Maybe if you can say, "Now matter how much I try, the 30D isn't letting me quite get what I want, and features X and Y on the D300 seem like they would help me much more than anything I see on the 40D."
It will be worth it for some to switch, not worth it to others. From what I can tell - and again this is something everyone has to decide for themselves, IQ and high ISO are about the same depending on subject and conditions. I have seen a number of very good shots from the new Nikons and Canons.
If you are primarily a sports shooter or otherwise a high action shooter, you should definitely consider the D300 - with its 51-point AF it is likely much better for tracking a subject, though the 40D has shown to perform very well there. I haven't seen D300 tracking samples yet.
I don't think the advantage are so clearcut otherwise. It will more breakdown to personal preferences for specs and ergonomics.

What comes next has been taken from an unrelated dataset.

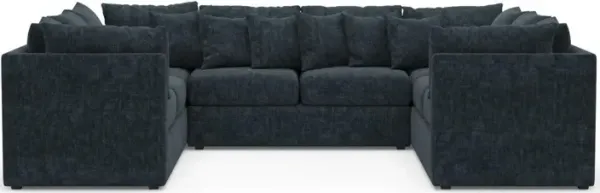 The Pitt Foam Comfort Sectional - Argo Navy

In my opinion, $500 is a lot of cash relative to the overall prices, and for me the D300 is at best, worth $500 more, and frankly (this is just what they are worth to me), I'd put it closer to around $300-$350.
But then, I have always preferred Canon's ergonomics. With the new changes, especially the Custom dial settings and My Menu, the 40D really suits me much better. And with sRAW, Canon may have not been listening to me, but they appear to have been listening to some similarly minded photographers.